■ Activity ■
The lines from the one holding "横浜夜景☆彡_c0311178_13502035.jpg" through the end of the records below are to be written out exactly, and nothing else; pictures are to be left out.

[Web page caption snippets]
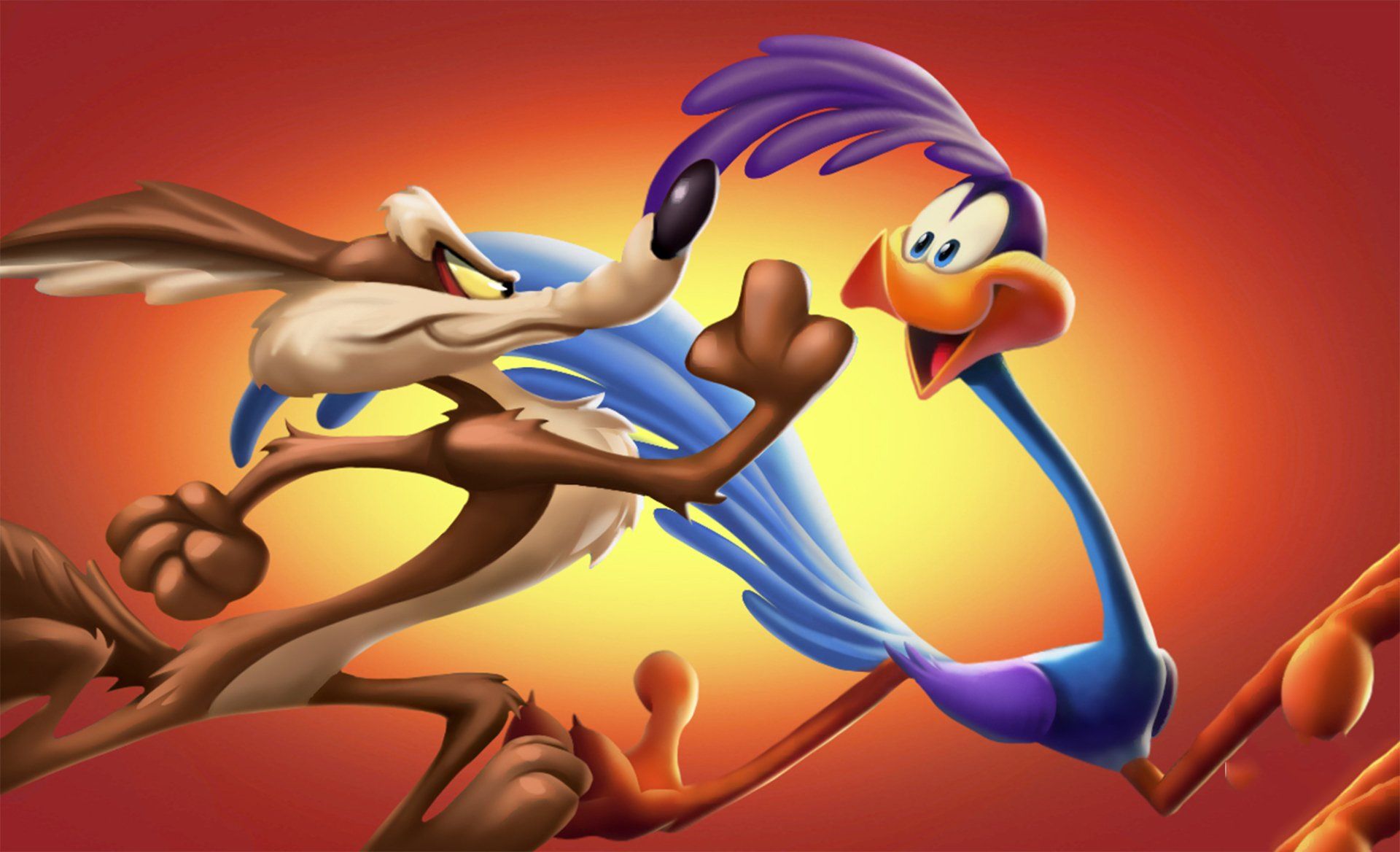 Wile E. Coyote HD Wallpaper and Background Image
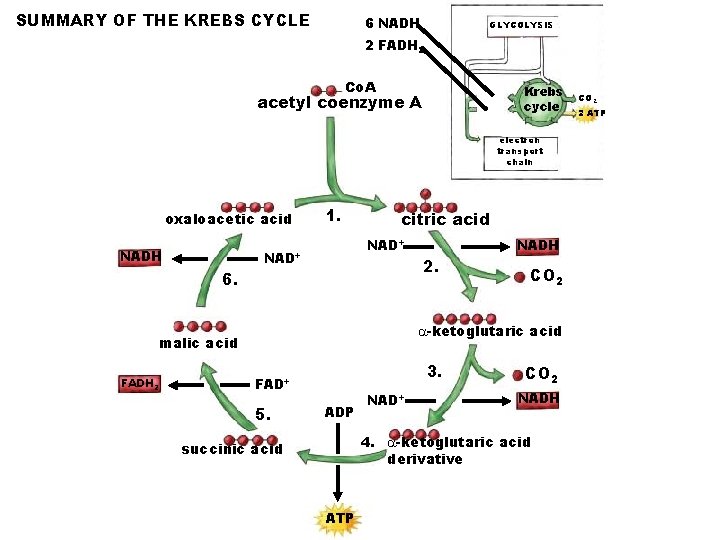 SUMMARY OF THE KREBS CYCLE 6 NADH GLYCOLYSIS 2 FADH 2 Co. A Krebs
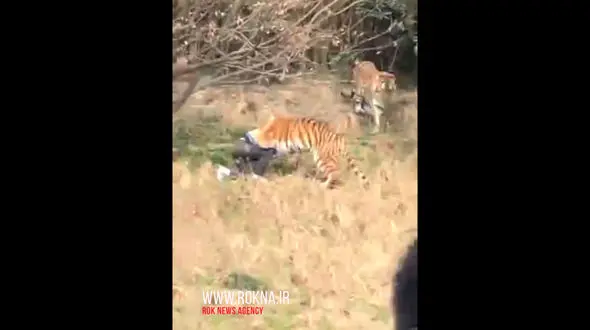 حمله سه ببر به یک زن که وارد قلمرو آنها شده بود + فیلم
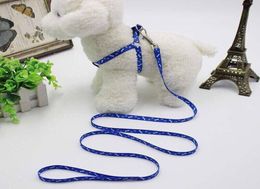 10120cm Dog Harness Leashes Nylon Printed Adjustable Pet Dog Collar Puppy Cat Animals Accessories Pet Necklace Rope Tie Collar3392310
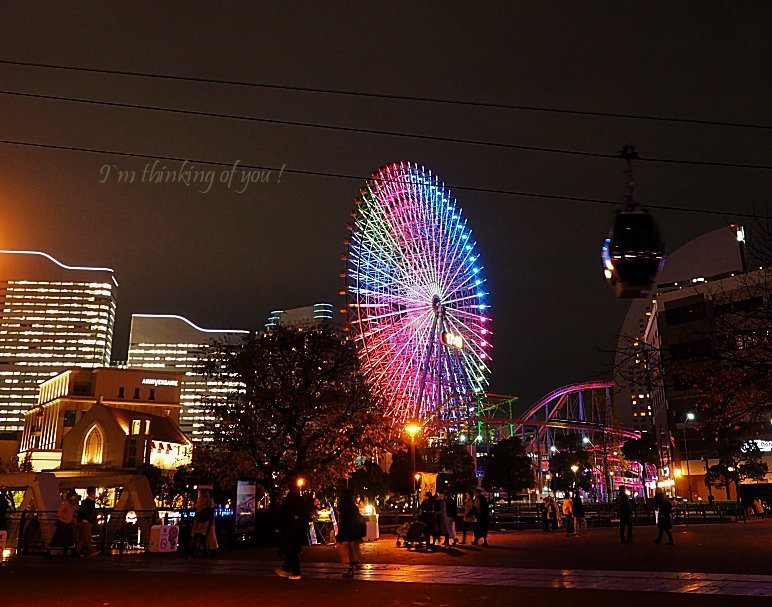 横浜夜景☆彡_c0311178_13502035.jpg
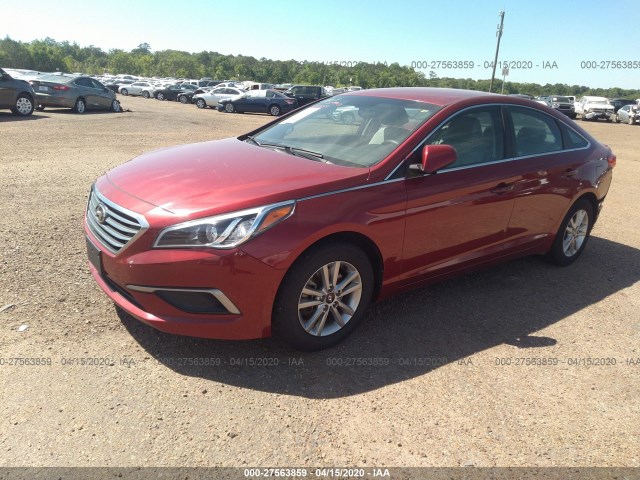 Photo 1 VIN: 5NPE24AF6GH374975 - HYUNDAI SONATA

■ Answer for the task ■
 横浜夜景☆彡_c0311178_13502035.jpg
 Photo 1 VIN: 5NPE24AF6GH374975 - HYUNDAI SONATA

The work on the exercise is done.